FB: Fairport Convention were stuck in the traffic, but some Hell’s Angels appeared and they got on the backs of their bikes and escorted the band into the festival. And then they promptly took over our security in front of the stage and started beating people up. In fact the only time I went into the stage area in the whole 48 hours was to go and sort the Hell’s Angels out. 

I’m not sure how tired or how stupid I was, but I did that on my own. I went and bought them off! I got them all backstage and I said: “Hey, this can’t go on. You’re being an absolute pain. I don’t want you here, I want you to leave. I’ll give you money.” 

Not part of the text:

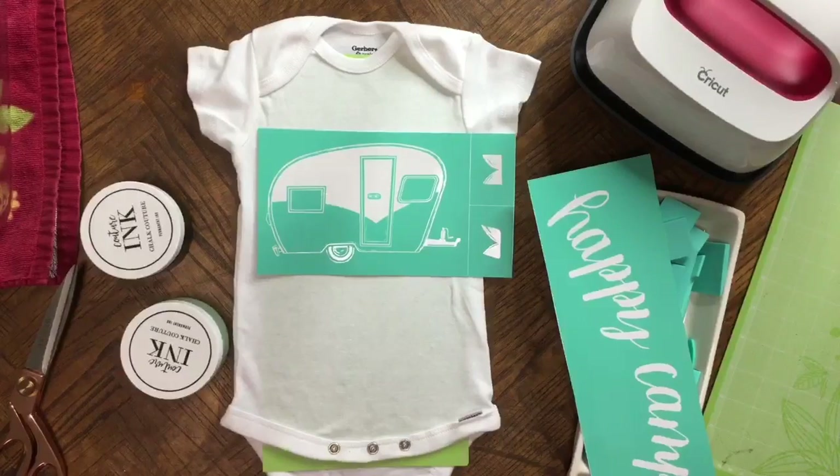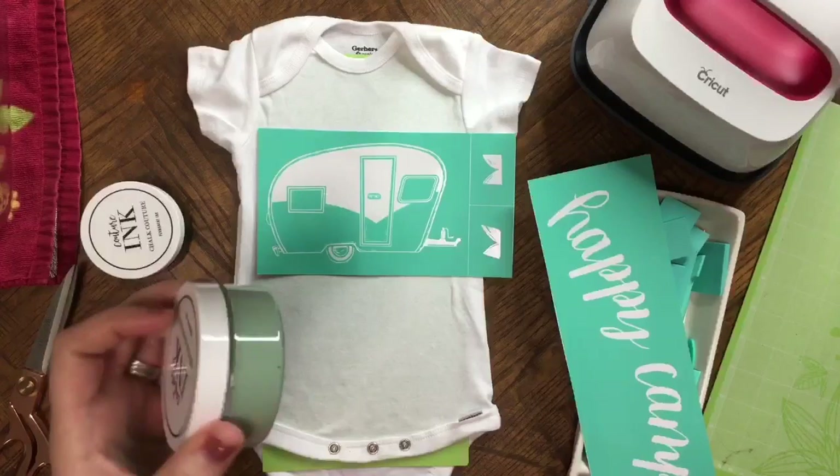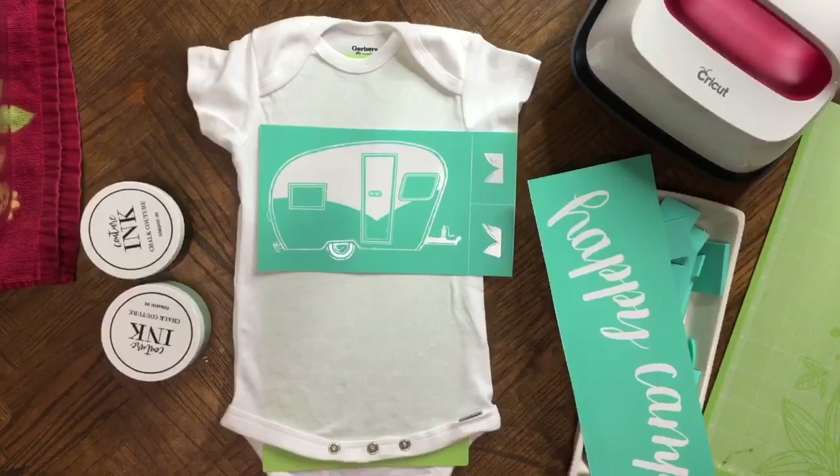I do recommend joining because you're going to save 40% every time you order. You can order one at a time — it doesn't matter — you're going to save 40% each time. Plus whenever you first join, you'll get a 50% off coupon that you can use on the total. You can order all of your inks at one time and they'll continue to add more stencils and more colors. If you want to join my team or just order some inks through the store, the links will be below.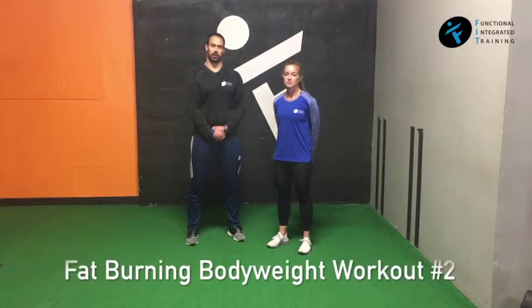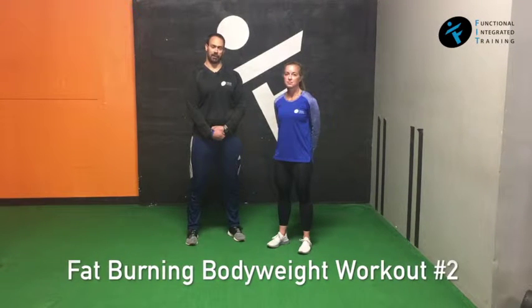Hey everyone, Coach Jared here with your Fat-Burning Bodyweight Workout Number 2. For this one, it's the same thing as Number 1. We have 5 exercises that you're going to do over the course of alternating fashion — 1, 2, 3, 4, 5.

I forget how much it was but something like 400 quid, I think. “Otherwise,” I said, “I’ve got two or three hundred stewards here,” there were like 40 or 50 Hell’s Angels there, “and I’ve got a team together and we’ll come and sort you out and we’ll sort your bikes out as well, and there’s going to be war here. Or you can take the money and go.” So they took it and went. But, to be fair, they weren’t the American west coast Angels. I wouldn’t have dreamt to take them on. 

WB: These were from the west coast of England. With the appropriate accents – “Ooh-arhh!” Subsequently we’ve seen some film [of two of the Angels being interviewed at the festival] and one, halfway through, pops his false teeth out and waves them. 

The other is the Hell’s Angel’s leader who turns out to work as an engineer for Rolls-Royce in Bristol, and he actually built his bike by hand. So that partly explains why Freddy didn’t have his head beaten in. What happened next? The phenomenon of the outdoor rock festival continued to grow but the Bannisters, disillusioned by their experiences in 1970, only put on one more, low-key oneday event in Lincoln, in 1971, before temporarily retiring from promotion. 

That is, until Freddy “discovered this natural amphitheatre” on the grounds of Knebworth, in 1974. Suddenly they were back in business promoting a series of outdoor shows that would become some of the most famous in the 1970s, headlined by the biggest bands in the world, including The Rolling Stones, Pink Floyd and Led Zeppelin.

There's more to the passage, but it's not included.